> **Records for this exercise**:
◆ ◆ ◆ ◆ ◆

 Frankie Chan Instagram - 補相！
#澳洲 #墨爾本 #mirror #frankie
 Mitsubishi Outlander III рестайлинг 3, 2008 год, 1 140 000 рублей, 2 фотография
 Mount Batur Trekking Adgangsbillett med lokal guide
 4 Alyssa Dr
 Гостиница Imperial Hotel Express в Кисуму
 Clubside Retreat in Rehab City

◆ ◆ ◆ ◆ ◆

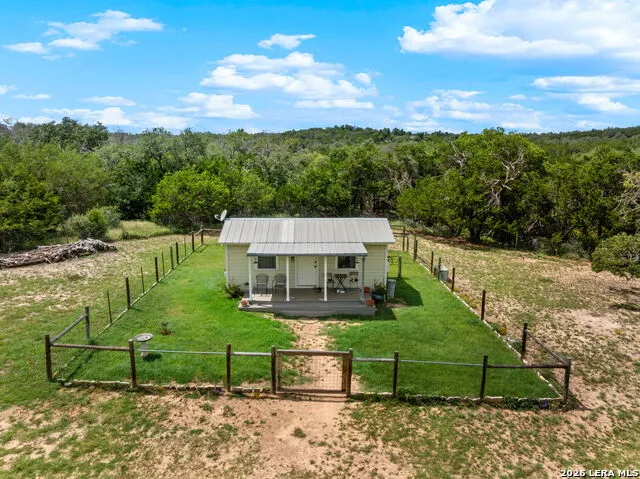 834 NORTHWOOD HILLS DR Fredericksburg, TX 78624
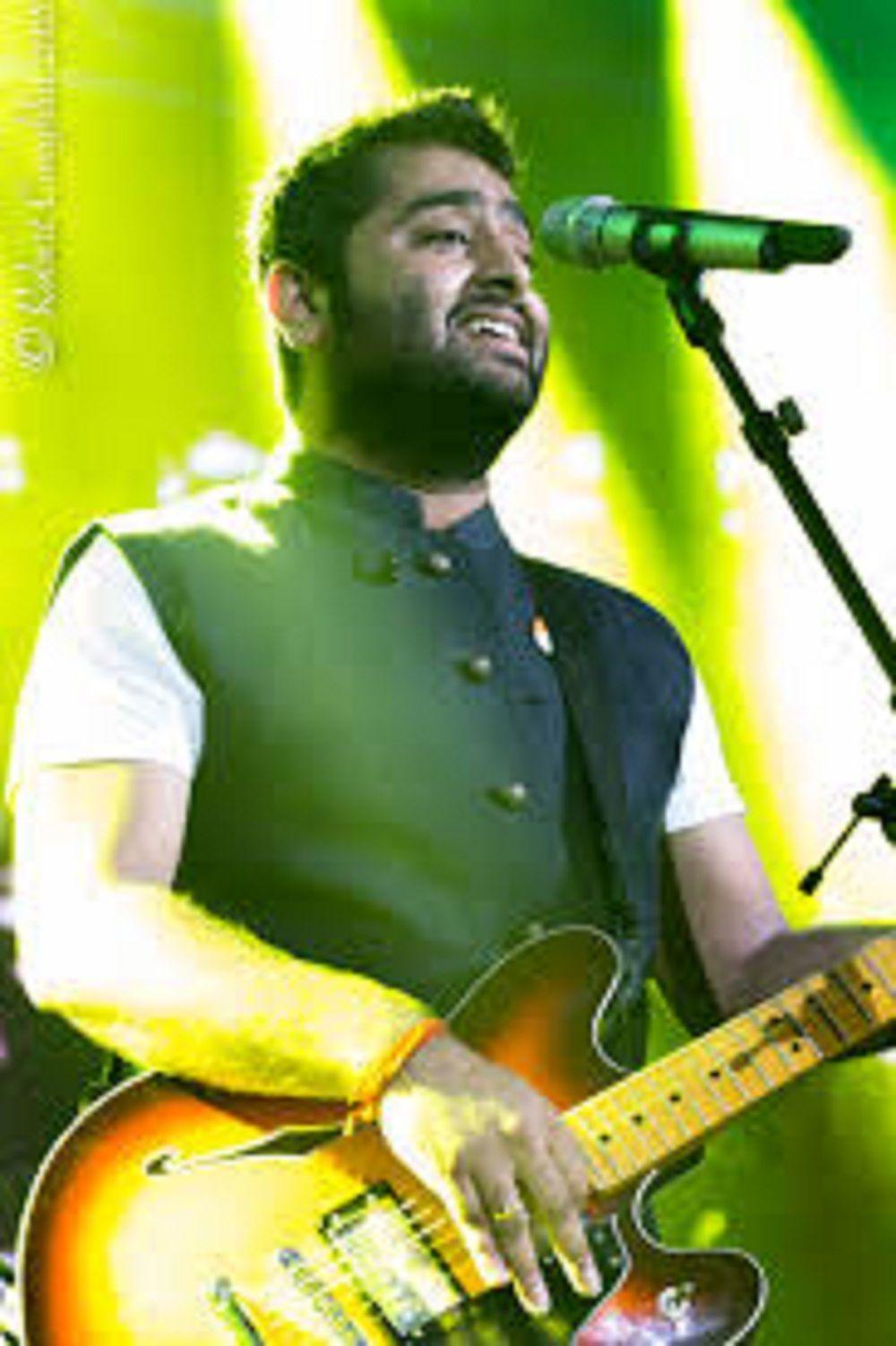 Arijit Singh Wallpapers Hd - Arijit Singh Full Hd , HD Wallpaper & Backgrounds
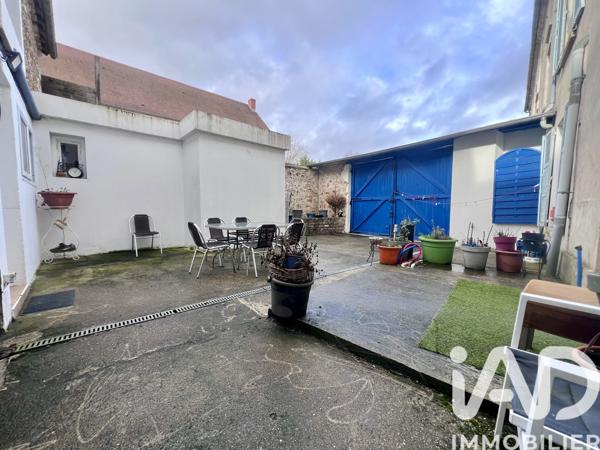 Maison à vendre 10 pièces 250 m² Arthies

◆ ◆ ◆ ◆ ◆

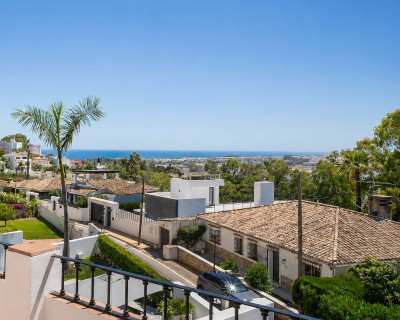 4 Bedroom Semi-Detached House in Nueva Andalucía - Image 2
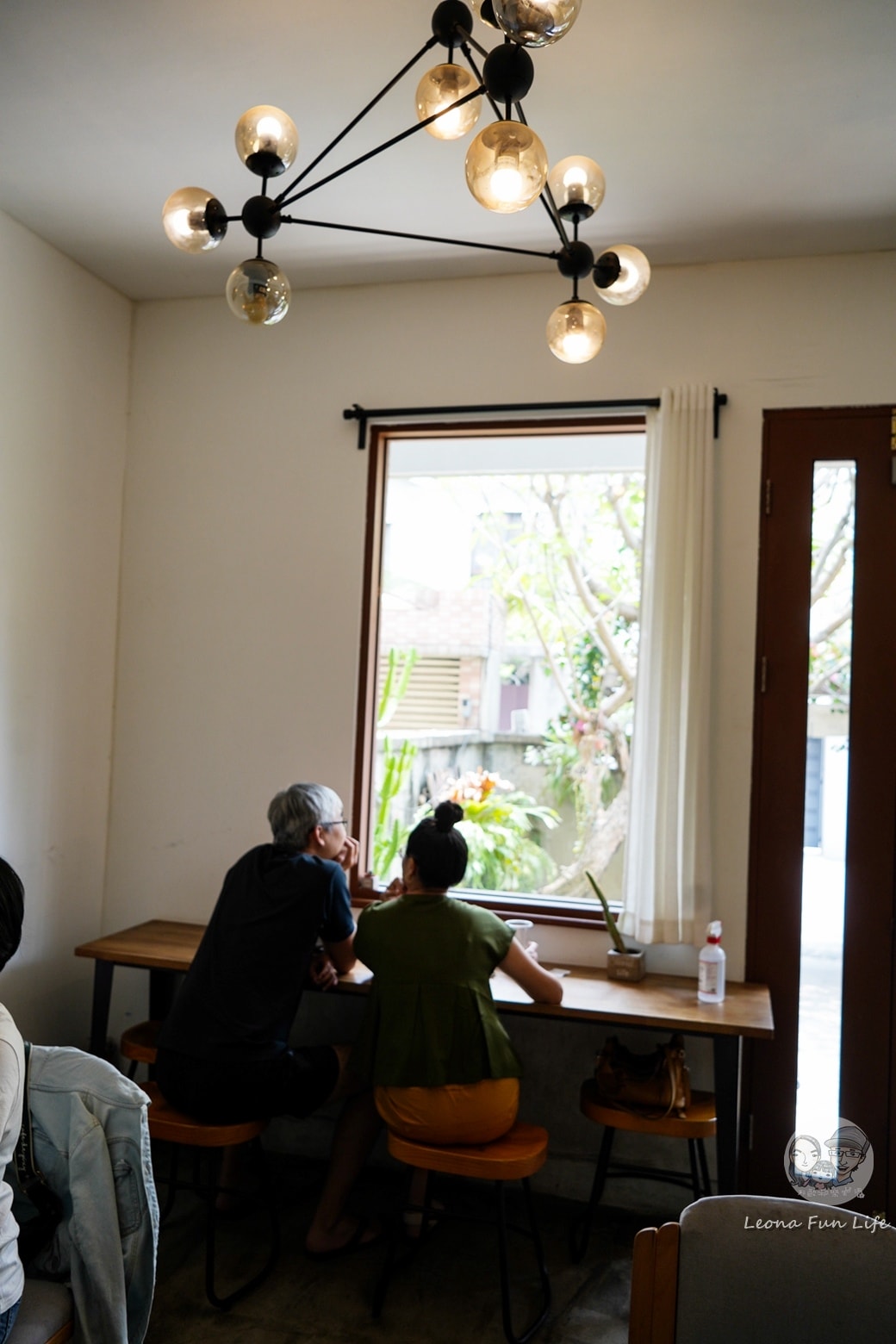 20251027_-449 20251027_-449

◆ ◆ ◆ ◆ ◆

> **What needs to be done**:
Copy out, word for word, the part of the entries above that begins at the line with "Frankie Chan Instagram - 補相！" and ends at the line with "Clubside Retreat in Rehab City", including both.

> **Result of this exercise**:
 Frankie Chan Instagram - 補相！
#澳洲 #墨爾本 #mirror #frankie
 Mitsubishi Outlander III рестайлинг 3, 2008 год, 1 140 000 рублей, 2 фотография
 Mount Batur Trekking Adgangsbillett med lokal guide
 4 Alyssa Dr
 Гостиница Imperial Hotel Express в Кисуму
 Clubside Retreat in Rehab City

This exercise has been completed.